Hi Mayank,
We have opened a conversation with the engineering team, as this is clearly functionality that would improve the profiling of Siebel. We also encountered this issue and whilst there is a work-around this creates additional manual effort, which is undesirable. Hopefully we can get this feature added to a future release.
It stands to reason that there are always a number of manual checks needed to find sensitive data as well as to check for profiler false positives and false negatives. The objective is to reduce these to a minimum by creating a bespoke profiler, as I imagine you are doing. There are a number of improvements that the engineering team are working on as part of the ongoing product development.
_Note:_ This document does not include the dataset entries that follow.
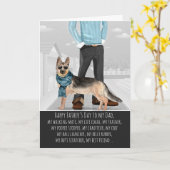 Carte Berger allemand de la Fête des pères de chien (Fleur jaune)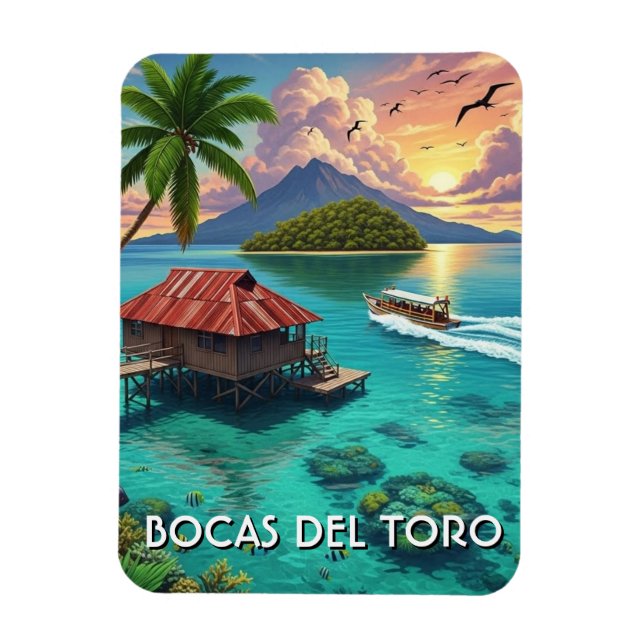 Panama Bocas del Toro Reisen  Magnet (Vertikal)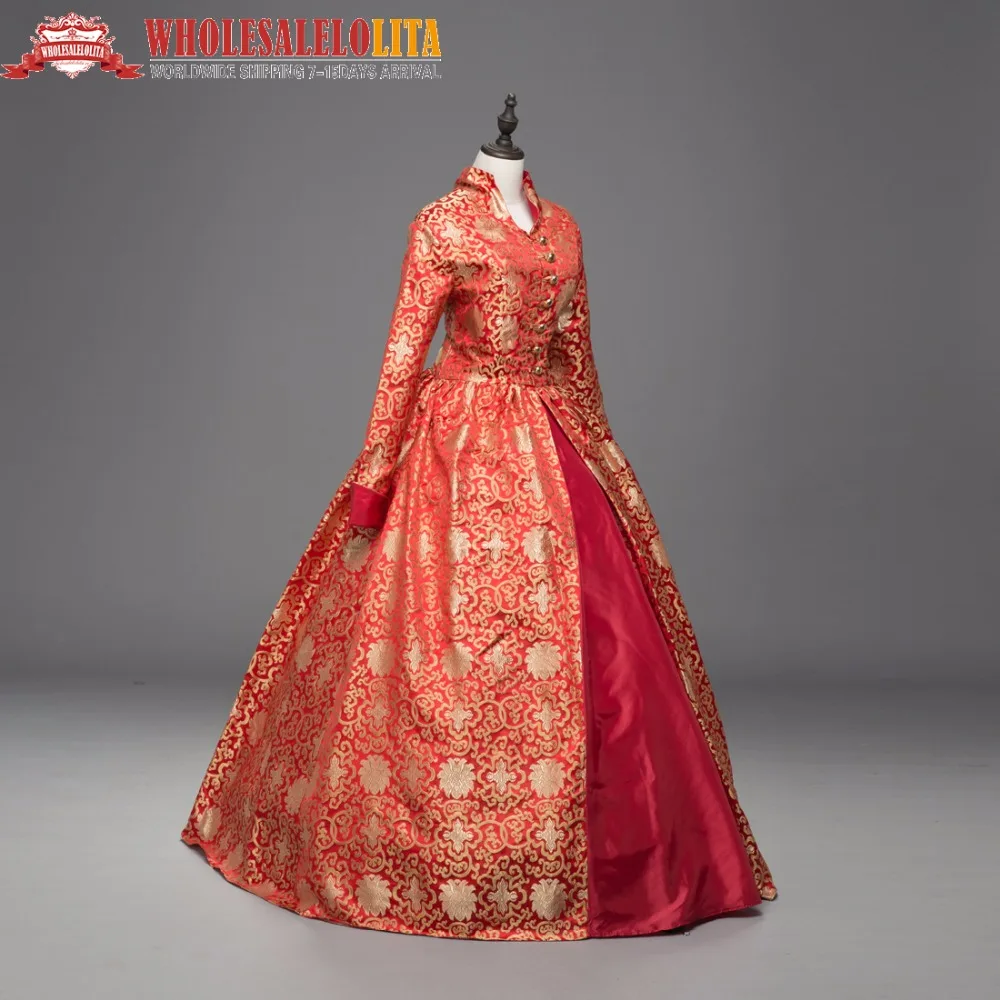 Готическое жаккардовое платье королевы елиехы и Тюдора Игра престолов бальное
One thing that we did with the Siebel subject matter experts was to try to identify potentially sensitive data to remove tables that were not used or not needed, pre-processing the data for them to identify potentially sensitive data tables and columns.
For instance the following check of the User Columns which had a high number of distinct values was useful in narrowing down the search for sensitive data:
SELECT TABLE_NAME, COLUMN_NAME FROM USER_TAB_COLUMNS WHERE NUM_DISTINCT > 1000
This could be further refined by searching for specific column names:
SELECT TABLE_NAME, COLUMN_NAME FROM USER_TAB_COLUMNS WHERE NUM_DISTINCT > 1000 AND COLUMN_NAME LIKE '%NUM' OR COLUMN_NAME LIKE '%NAME';
A further refinement might be to use the regular expressions:
SELECT TABLE_NAME, COLUMN_NAME FROM USER_TAB_COLUMNS WHERE NUM_DISTINCT > 1000 AND (REGEXP_LIKE (COLUMN_NAME, '^NUM');
Obviously it would be ideal if the profiler did these things automatically. It's useful however that we operate on virtual databases as this allows us to make modifications as needed to improve the masking and profiling performance and test and rewind and keep branched versions for test purposes.
There is some internal chatter about this feature, so hopefully we can announce some improvements for you in the near future.
Thanks for highlighting this issue and bringing it to our attention.